Inspecting MyLzwDecompressor, I saw that it used the Java
ByteArrayOutputStream, which is kind of famous for being slow. You can find
lots of examples of classes named FastByteArrayOutputStream on the web,
including one right here in the Commons Imaging project.
I tried a number of different experiments using the
ApacheImagingSpeedAndMemoryTest class (from the examples directory).
Replacing ByteArrayOutputStream with FastByteArrayOutputStream produced a 4
percent reduction in run time.
I then tried using a local array instead of a "byte array" class. That
improved things to about a 8 percent reduction in time. Finally, I tried a few
more aggressive changes, removing the number of conditional tests and replacing
calls such as stringFromCode() which wrappers the class member "table" with
direct access. Final result was a 11 percent total reduction in time.
11 percent isn't all the impressive, but I haven't been able to find anything
else.

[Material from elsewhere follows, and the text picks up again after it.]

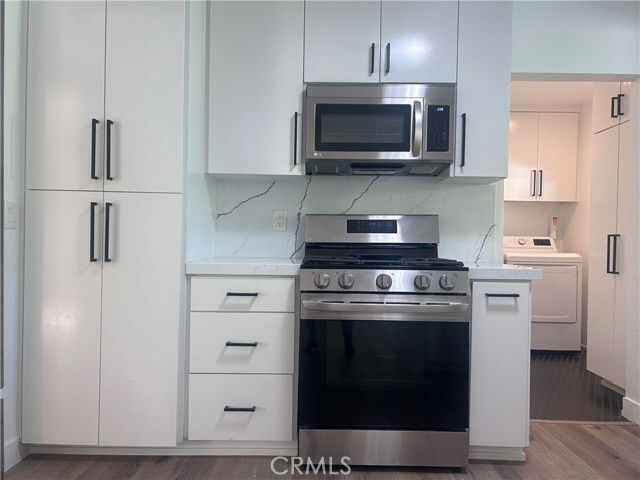 Building Photo - 22315 Kittridge St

Modern compilers are so smart and do such a good job optimizing code,
that it's hard to find "easy wins."
Anyway, this is a potential area for improvement in the Commons Imaging API.

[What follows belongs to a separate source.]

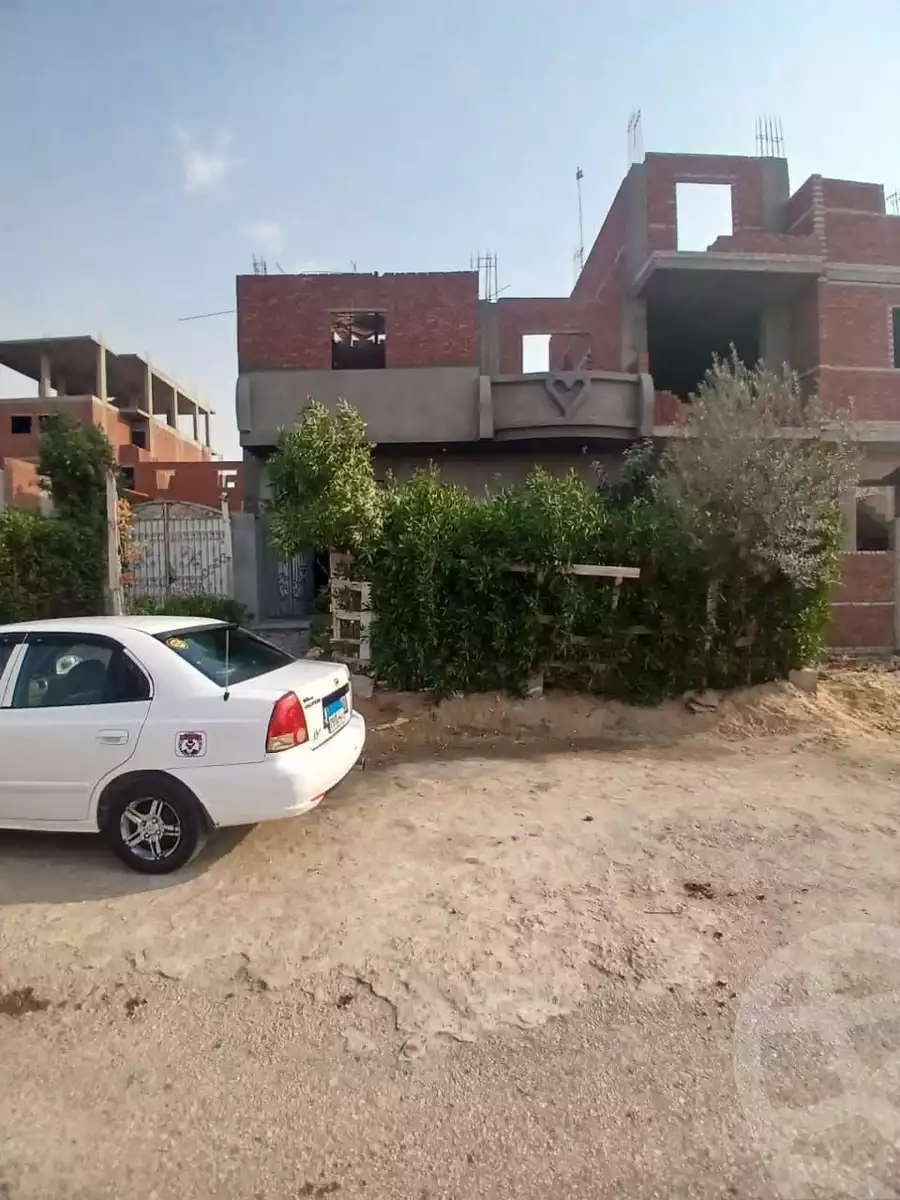 https://aqarmap.com.eg/ar/listing/6162278-for-sale-sharqia-10th-of-ramadan-al-hay-al-tasea-wa-eshroon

Care will be required because there are some features that my test bypassed.
For example, there's a diagnostic "listener" in the current implementation that
would have to be supported. Also, I took out a lot of bounds checking, and
just assumed that the input compressed data would produce correct output. In
real life, that's not a safe assumption. I would probably try wrapping the
logic of the decompress method in a try{}catch{} block looking for
ArrayIndexOutOfBounds and have the method re-throw it as an IOException (which
is what it does now). It will also be challenging to find a way of properly
testing modifications to this class.
I will be looking at this, but probably will not move on it until I get
feedback from the community. I don't view this change as unduly risky
provided that proper care is taken in making the modifications. But the gain
in performance is small enough, that I'm not sure it's worth it.
I will also take a look at Commons Compression to see what they do.
If you have any thoughts on this matter, please let me know.